The International Board is reviewing the qualification criteria, and should decide that three years is too short a time to make a South African a Scot and such like. For my part, I hope they also decide that a single grandparent is not enough to qualify someone to play for a country in which he wasn’t born.
Of course Scotland, like every other country, makes the best use possible of the regulations relating to qualification, and we will be happy to see Strauss and Nel in a Scotland jersey, the two New Zealand recruits John Hardie and Hugh Blake likewise. Plenty of incomers have done very well for Scotland and become popular figures. Nevertheless, it will still jar with some if Strauss and Nel are in the Scotland team against South Africa, when they will be playing against the country of their birth, which till three years ago they must have hoped to represent.
Vern Cotter’s selection for today’s match in Turin is evidently the next step in a weeding-out process. Only seven or eight of the starting XV can be sure of finding a place in his 31-man World Cup squad. Moreover, it’s not till the return match at Murrayfield – sorry, BT Murrayfield – that we are likely to see something like his first-choice team in action. One assumes that as many of that XV who are deemed fit will play then. Even if, as is likely, Sean Maitland, Mark Bennett and Alex Dunbar are not yet ready to return to the fray, it’s significant that Stuart Hogg, Tommy Seymour, Finn Russell, Greig Laidlaw and Jonny Gray haven’t been included in either of the first two warm-up games.
Today’s match may be primarily a warm-up, but I would reckon that this time the result is every bit as important as the performance. For one thing, registering a seventh consecutive defeat would be somewhat demoralising. We are already ranked as low as 12 in the world; so Cotter’s teams really have to start winning – for their own peace of mind and morale as much as anything.
Italy have some good backs now and have been playing a more expansive game. Nevertheless their strength still lies up front and their most effective attacking weapon remains the driving or rolling maul. We learned that to our cost in last season’s Six Nations.
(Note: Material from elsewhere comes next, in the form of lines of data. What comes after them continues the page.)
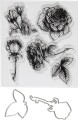 Stempler Og Skæreskabeloner - Blomster - Str 4-6 5 Cm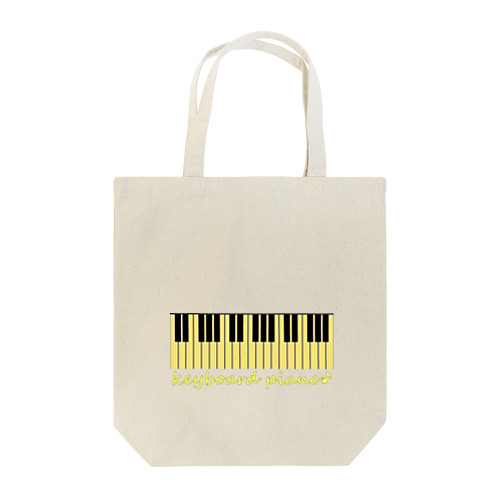 鍵盤ピアノ Tote Bag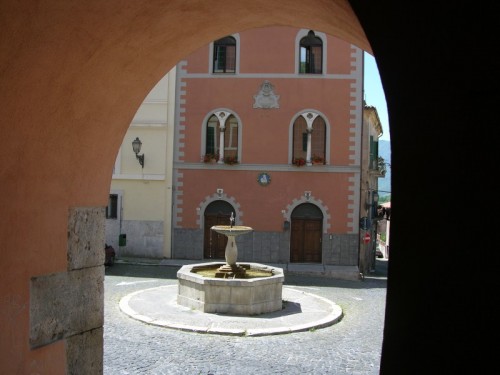 Arsoli - Fontana di piazza Valeria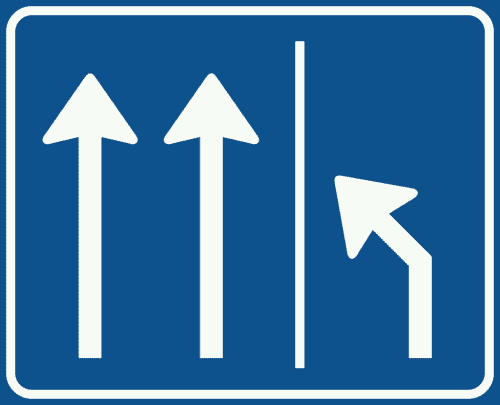 C23-02 Spitsstrook vrijmaken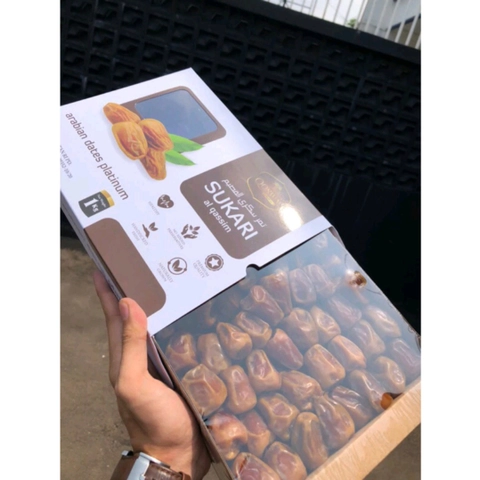 ABUSA HERBAL - Kurma Sukari Al Qassim Qoswa 5 Box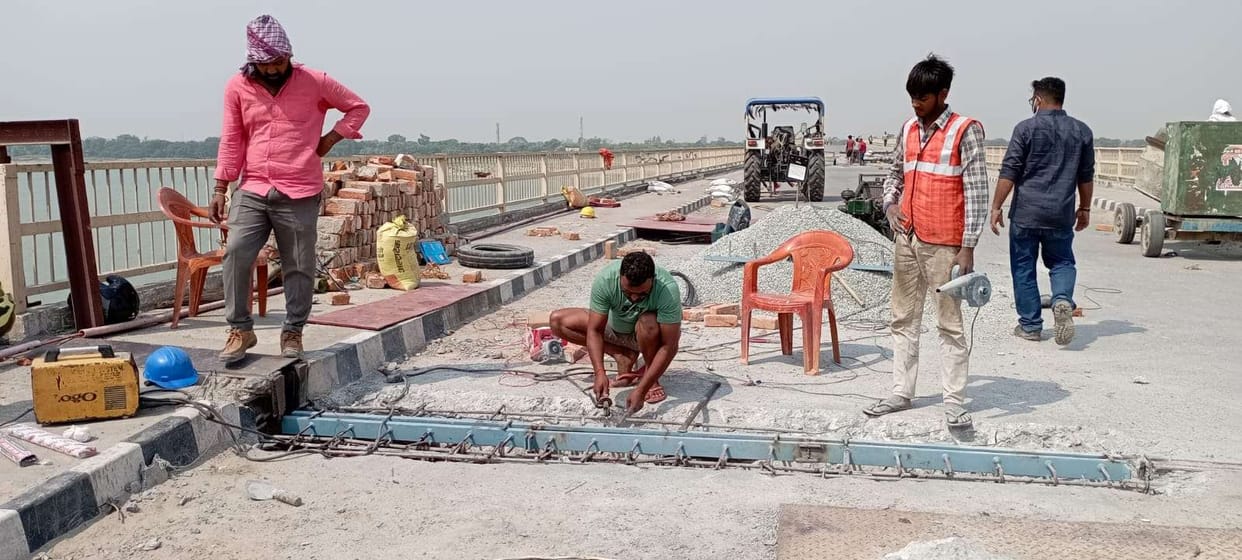 Repair not completed, Bhagalpur bridge will not be operational from today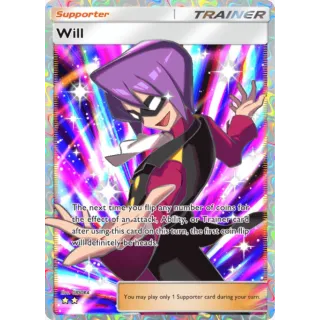 Will Trainer FA 2 Star Pokemon TCG Pocket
Defending a well-organised maul legally is very difficult, but quite a few teams seem to manage it better than Scotland. We conceded another try from a maul in Dublin last week when Sean Cronin went over the line rather too easily. Unless you try the ploy of not engaging, so that no maul is formed – a ploy that requires you to trust the referee – you have to disrupt it and knock it back before it has properly formed, and do this so vigorously that it doesn’t have time to re-group. This is much easier said than done.
What is certain is that we concede too many tries to the maul. Of course, teams have few opportunities to maul close to your line if you don’t concede penalties which can be kicked into touch near the five-metre mark. Last week in Dublin we gave away a string of penalties in the first half-hour, one reason why we took so long to get into the match.
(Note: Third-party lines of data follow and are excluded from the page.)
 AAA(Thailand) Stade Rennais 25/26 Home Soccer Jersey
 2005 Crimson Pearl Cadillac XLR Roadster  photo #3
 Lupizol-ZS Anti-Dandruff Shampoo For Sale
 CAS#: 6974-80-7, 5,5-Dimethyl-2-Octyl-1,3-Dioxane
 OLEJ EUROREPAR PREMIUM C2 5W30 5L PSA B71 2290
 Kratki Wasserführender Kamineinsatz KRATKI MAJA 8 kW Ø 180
Elsewhere there’s a fascinating return France-England match in Paris. Last week the English backs outshone the French ones while the French forwards mostly had the upper hand. It used often to be the other way round. One has the impression that Stuart Lancaster probably has a clearer idea of his best side than Philippe St-André has of his. But there’s nothing new about that. That wayward genius, Freddie Michalak, a veteran of the 2003 World Cup, makes yet another comeback. His opposite number, George Ford, was still at primary school when Michalak was first capped. Michalak must have made as many “last appearances” as Frank Sinatra or the Rolling Stones.
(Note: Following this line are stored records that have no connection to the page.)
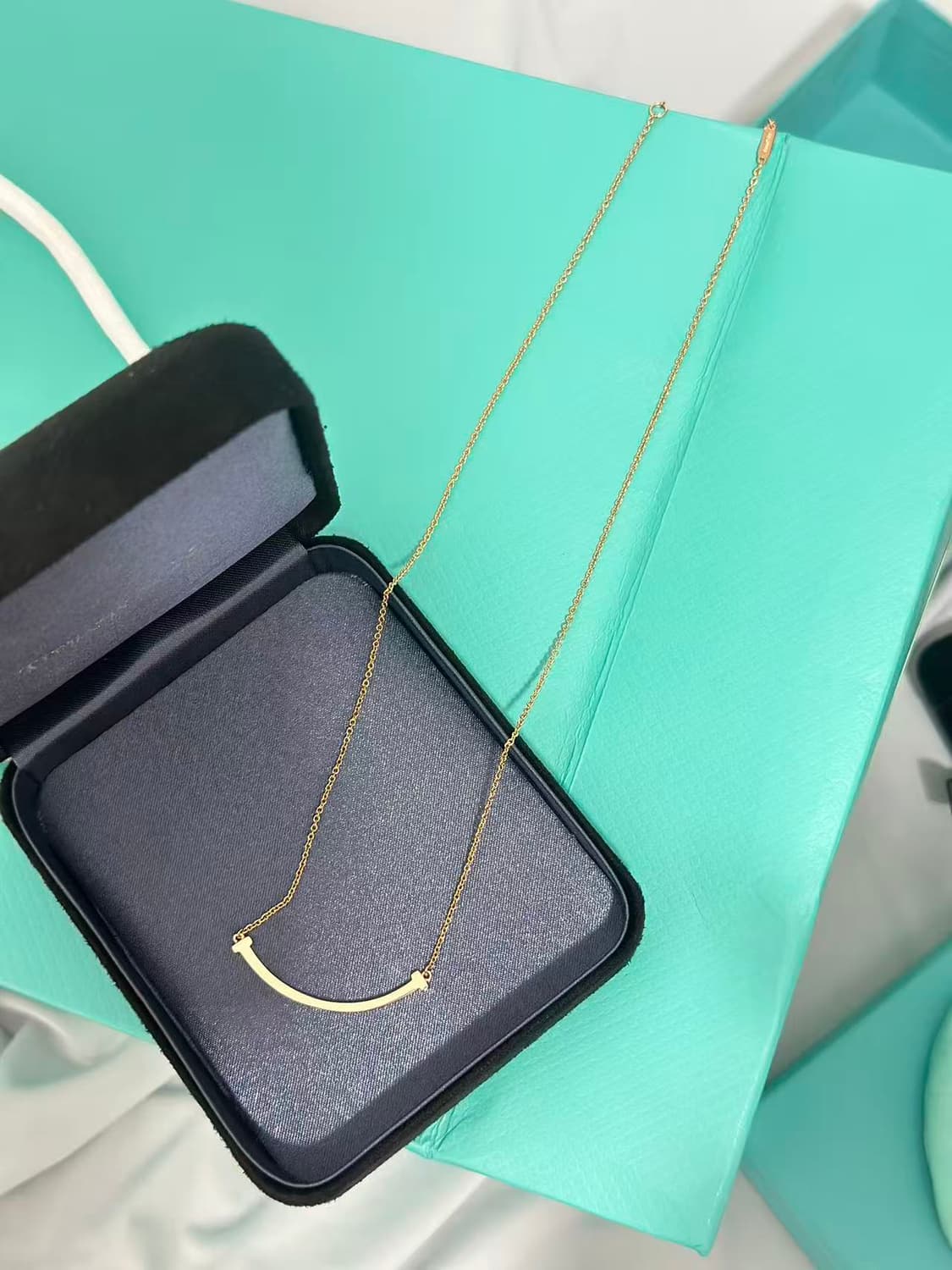 티파니앤코 스마일목걸이 상품이미지1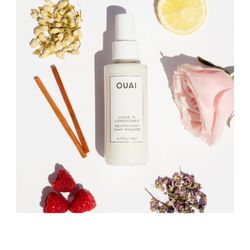 Ouai Leave in conditioner is carefully crafted to cut styling time and nourish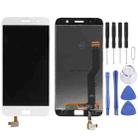 OEM LCD Screen for Lenovo ZUK Z1 with Digitizer Full Assembly (White) - 1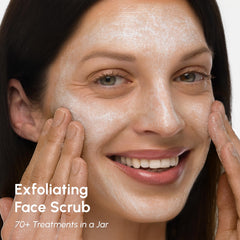 MAREE Face Exfoliator hydrating microdermabrasion for radiant texture.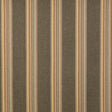 Schumacher 275P31 ZARAPE STRIPE in COCOA Fabric - RAOUL TEXT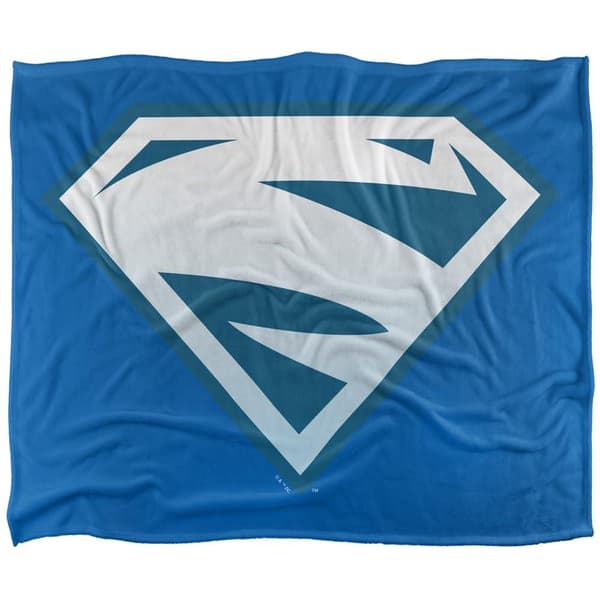 Superman 1997 Shield Blanket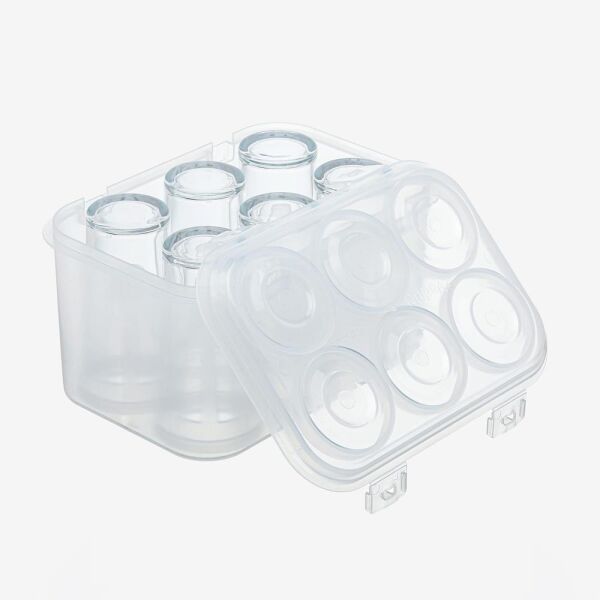 Campout Rakı Bardağı Taşıma Kutusu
France are still missing their captain, Thierry Dusautoir, the man who all but drove them to what would have been a deserved victory in the final of the last World Cup in New Zealand. France that day were arguably the victim of some rather timid refereeing.
The French have been in the doldrums for a few years now, but I would still reckon that they have as good a chance as any of the Six Nations of lifting the trophy. They’ve beaten the All Blacks in the last two World Cups staged in the northern hemisphere.